▶ PROBLEM STATEMENT
Find each line in the records below that contains the word "Alright", and copy it out.

▶ RECORDS TO PROCESS
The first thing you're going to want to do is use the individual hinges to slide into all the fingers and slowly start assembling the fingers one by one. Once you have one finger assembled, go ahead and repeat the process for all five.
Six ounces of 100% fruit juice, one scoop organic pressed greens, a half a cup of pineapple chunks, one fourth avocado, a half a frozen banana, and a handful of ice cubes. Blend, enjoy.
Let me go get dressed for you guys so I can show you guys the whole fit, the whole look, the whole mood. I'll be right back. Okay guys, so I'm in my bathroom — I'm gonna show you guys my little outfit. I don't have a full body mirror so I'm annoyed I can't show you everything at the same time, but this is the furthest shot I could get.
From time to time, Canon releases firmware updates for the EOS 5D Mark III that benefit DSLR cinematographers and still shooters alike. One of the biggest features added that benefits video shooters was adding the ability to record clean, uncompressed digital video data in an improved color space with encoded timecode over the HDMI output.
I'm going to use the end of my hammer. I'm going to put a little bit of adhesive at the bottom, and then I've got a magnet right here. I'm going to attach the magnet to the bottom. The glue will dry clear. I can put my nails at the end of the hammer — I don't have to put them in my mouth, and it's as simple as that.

==

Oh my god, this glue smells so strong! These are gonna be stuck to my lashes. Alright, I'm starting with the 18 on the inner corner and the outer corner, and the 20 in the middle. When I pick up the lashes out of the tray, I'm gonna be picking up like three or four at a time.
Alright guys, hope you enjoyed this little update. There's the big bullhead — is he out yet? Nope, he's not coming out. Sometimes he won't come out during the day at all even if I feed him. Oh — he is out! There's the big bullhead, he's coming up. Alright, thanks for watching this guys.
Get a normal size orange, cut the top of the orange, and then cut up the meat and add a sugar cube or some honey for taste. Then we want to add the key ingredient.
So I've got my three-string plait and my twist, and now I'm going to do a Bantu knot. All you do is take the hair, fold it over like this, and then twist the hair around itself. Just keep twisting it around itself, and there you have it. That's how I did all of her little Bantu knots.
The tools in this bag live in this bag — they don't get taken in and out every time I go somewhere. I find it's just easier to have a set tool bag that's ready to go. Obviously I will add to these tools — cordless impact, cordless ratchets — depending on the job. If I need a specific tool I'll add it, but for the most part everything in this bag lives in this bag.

▶ FINAL ANSWER
Oh my god, this glue smells so strong! These are gonna be stuck to my lashes. Alright, I'm starting with the 18 on the inner corner and the outer corner, and the 20 in the middle. When I pick up the lashes out of the tray, I'm gonna be picking up like three or four at a time.
Alright guys, hope you enjoyed this little update. There's the big bullhead — is he out yet? Nope, he's not coming out. Sometimes he won't come out during the day at all even if I feed him. Oh — he is out! There's the big bullhead, he's coming up. Alright, thanks for watching this guys.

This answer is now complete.